TASK TO CARRY OUT: Excluding pictures, retype the line with "Mui Vietnam September" and each line that follows it to the end of the data below, word for word.

━━ INFORMATION SHOWN ━━

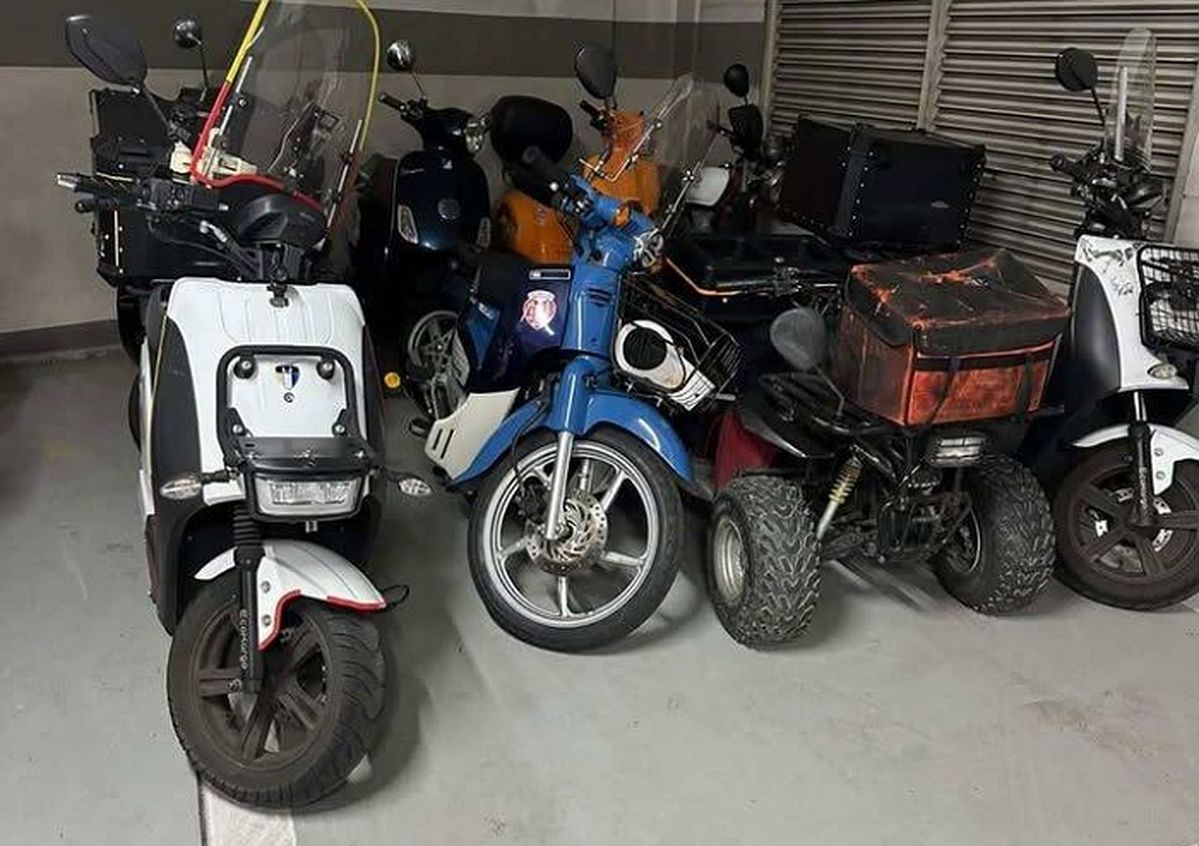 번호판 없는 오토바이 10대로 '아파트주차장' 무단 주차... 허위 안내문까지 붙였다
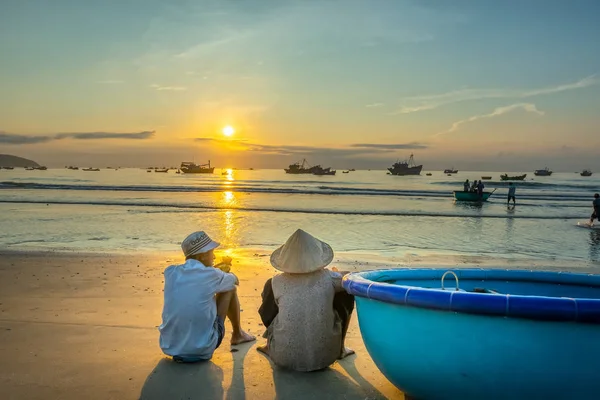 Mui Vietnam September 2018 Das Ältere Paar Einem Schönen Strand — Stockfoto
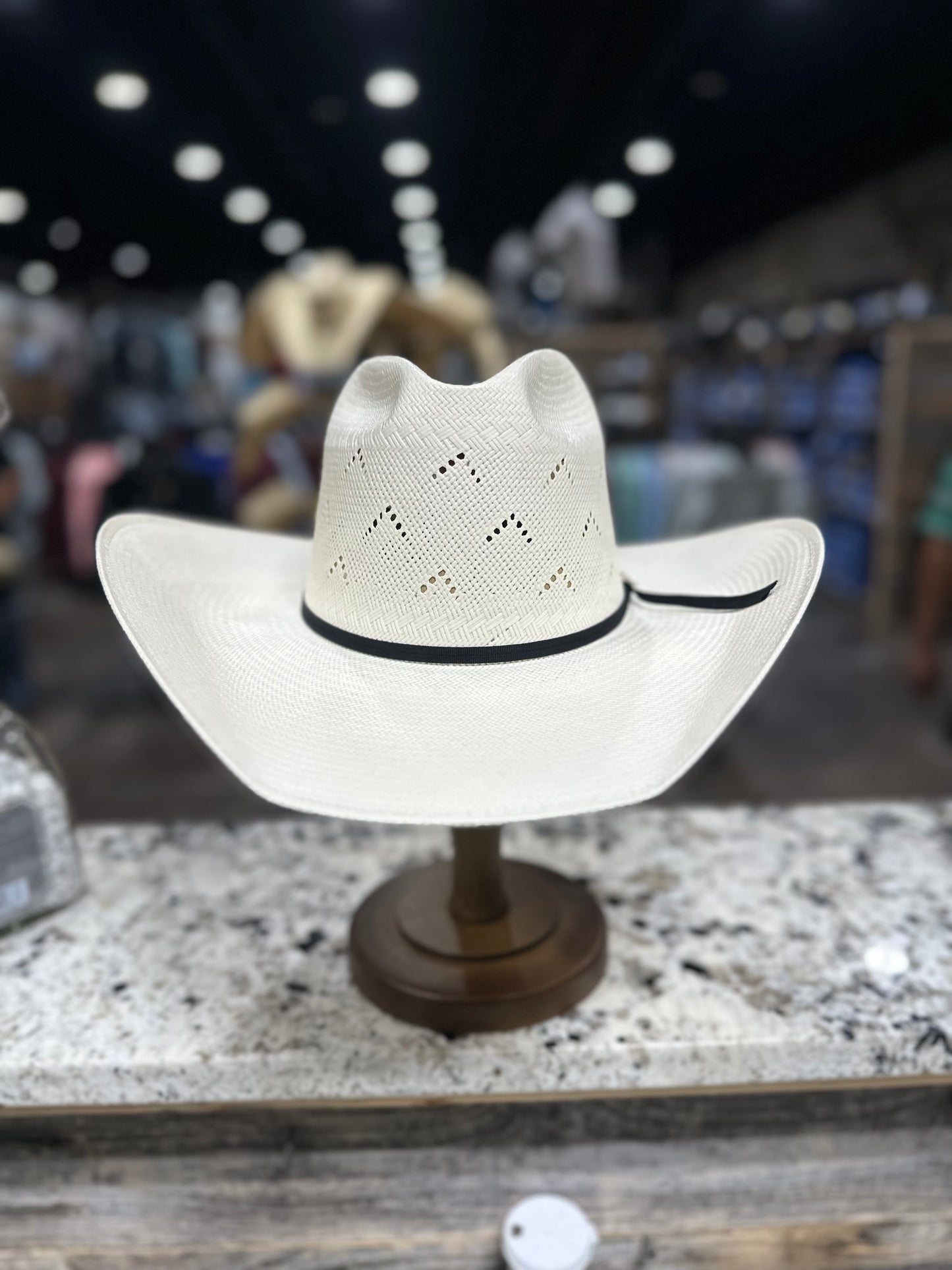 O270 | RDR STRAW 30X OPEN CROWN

━━━

EXERCISE RESPONSE:
 Mui Vietnam September 2018 Das Ältere Paar Einem Schönen Strand — Stockfoto
 O270 | RDR STRAW 30X OPEN CROWN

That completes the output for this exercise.